STORED DATA Block Start

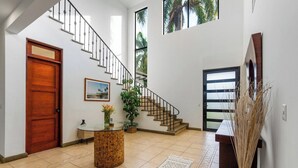 A spacious foyer with a wooden door, a staircase, a round table with a vase, and a large window with a view of palm trees.
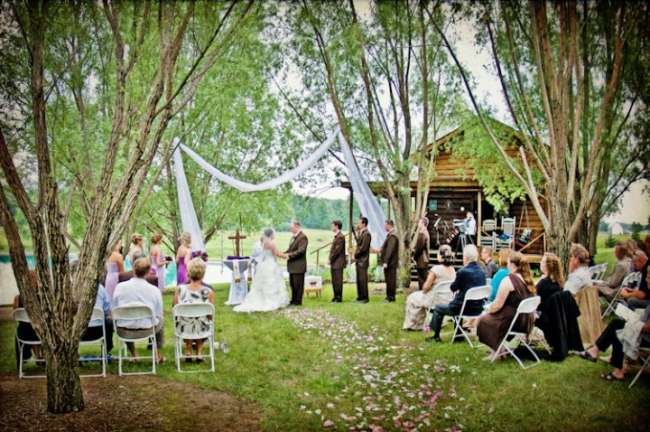 Outdoor Ceremony Under Fabric Archway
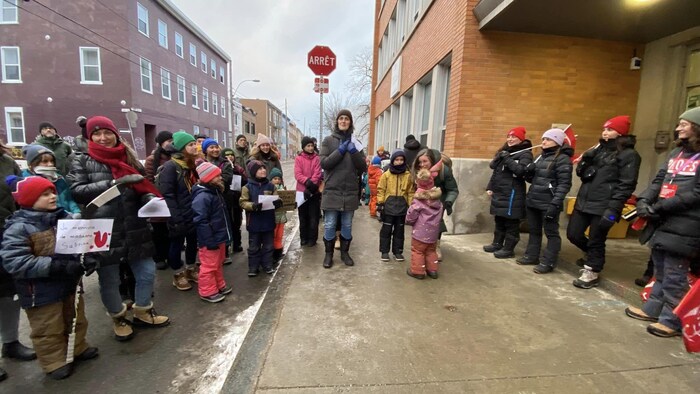 Des parents et leurs enfants sont dehors devant des professeurs en grève.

STORED DATA Block End

» PROMPT: Retype the whole listing word for word. Skip the pictures.

» TASK RESPONSE:
 A spacious foyer with a wooden door, a staircase, a round table with a vase, and a large window with a view of palm trees.
 Outdoor Ceremony Under Fabric Archway
 Des parents et leurs enfants sont dehors devant des professeurs en grève.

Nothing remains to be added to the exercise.